### HOW TO COMPLETE THIS TASK
Give the data below again exactly as it stands. Omit the pictures.

### COLLECTED DATA

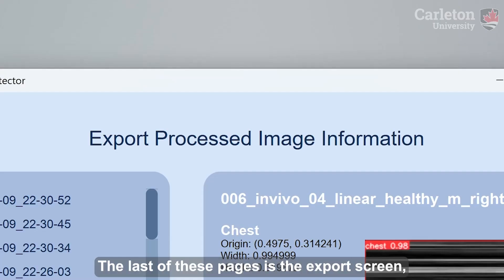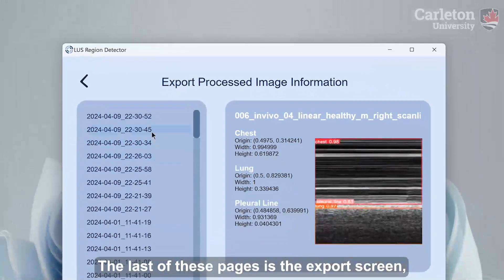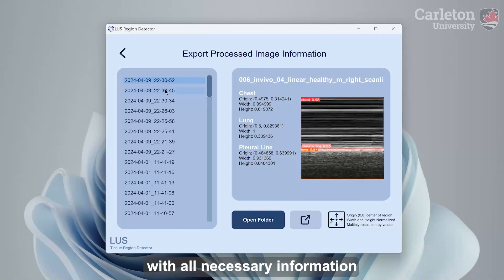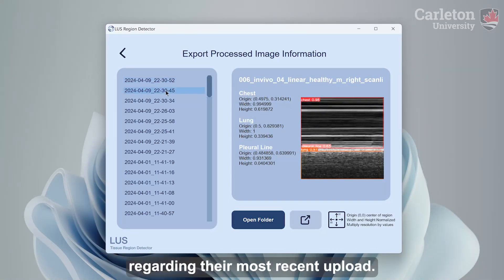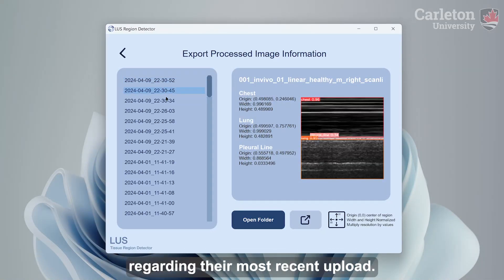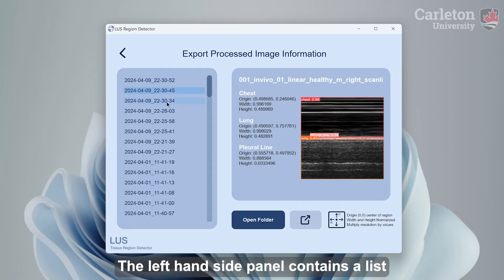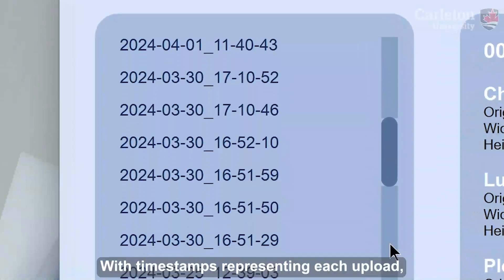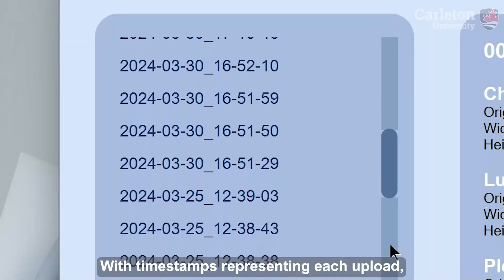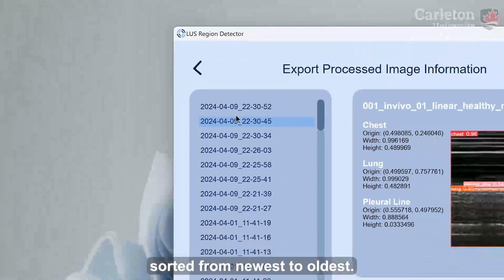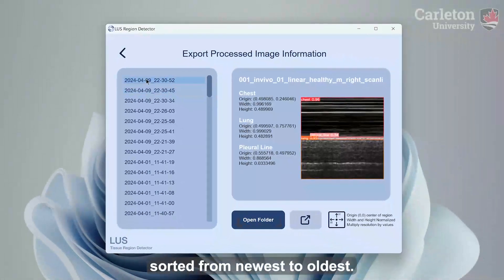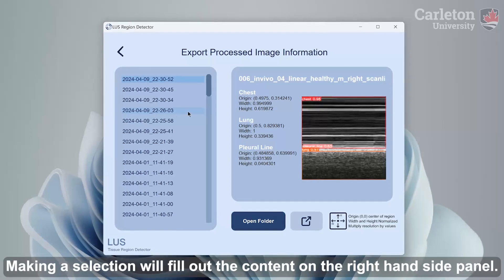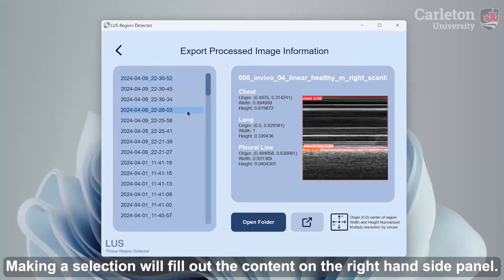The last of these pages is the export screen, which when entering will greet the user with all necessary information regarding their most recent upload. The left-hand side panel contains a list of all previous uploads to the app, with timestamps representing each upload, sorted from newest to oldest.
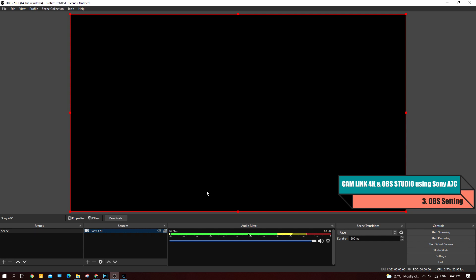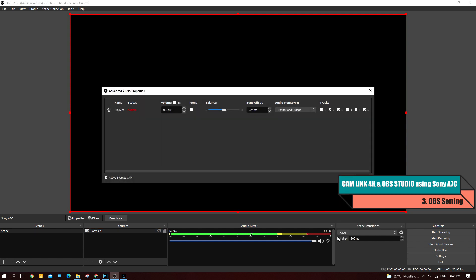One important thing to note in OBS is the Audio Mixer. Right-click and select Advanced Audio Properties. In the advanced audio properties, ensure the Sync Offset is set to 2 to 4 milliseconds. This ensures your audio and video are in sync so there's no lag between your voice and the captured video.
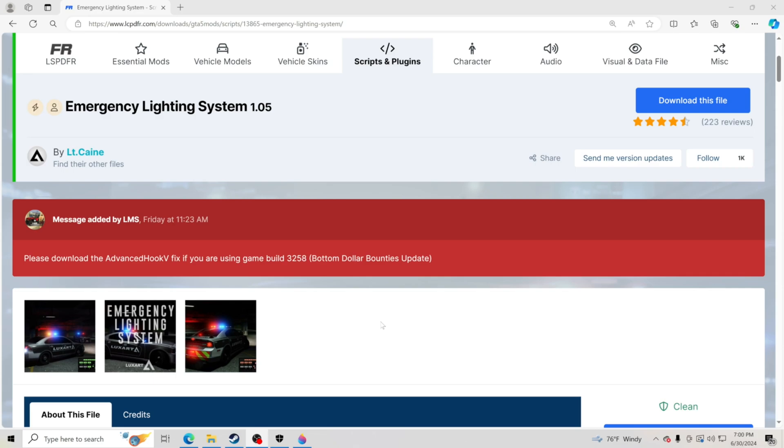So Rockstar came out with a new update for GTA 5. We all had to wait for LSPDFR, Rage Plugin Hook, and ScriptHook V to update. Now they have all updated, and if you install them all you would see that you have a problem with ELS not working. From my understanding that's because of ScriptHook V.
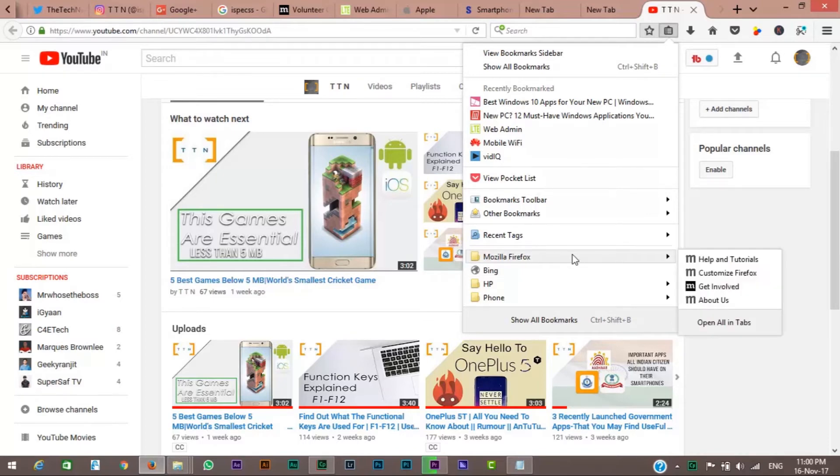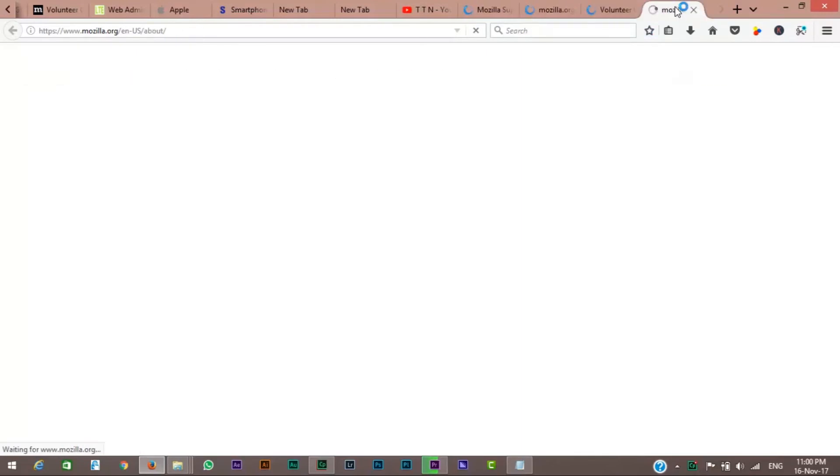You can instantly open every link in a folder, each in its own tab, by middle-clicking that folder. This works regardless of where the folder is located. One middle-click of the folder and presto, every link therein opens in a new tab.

### SOLUTION FOR THIS TASK
The last of these pages is the export screen, which when entering will greet the user with all necessary information regarding their most recent upload. The left-hand side panel contains a list of all previous uploads to the app, with timestamps representing each upload, sorted from newest to oldest.
One important thing to note in OBS is the Audio Mixer. Right-click and select Advanced Audio Properties. In the advanced audio properties, ensure the Sync Offset is set to 2 to 4 milliseconds. This ensures your audio and video are in sync so there's no lag between your voice and the captured video.
So Rockstar came out with a new update for GTA 5. We all had to wait for LSPDFR, Rage Plugin Hook, and ScriptHook V to update. Now they have all updated, and if you install them all you would see that you have a problem with ELS not working. From my understanding that's because of ScriptHook V.
You can instantly open every link in a folder, each in its own tab, by middle-clicking that folder. This works regardless of where the folder is located. One middle-click of the folder and presto, every link therein opens in a new tab.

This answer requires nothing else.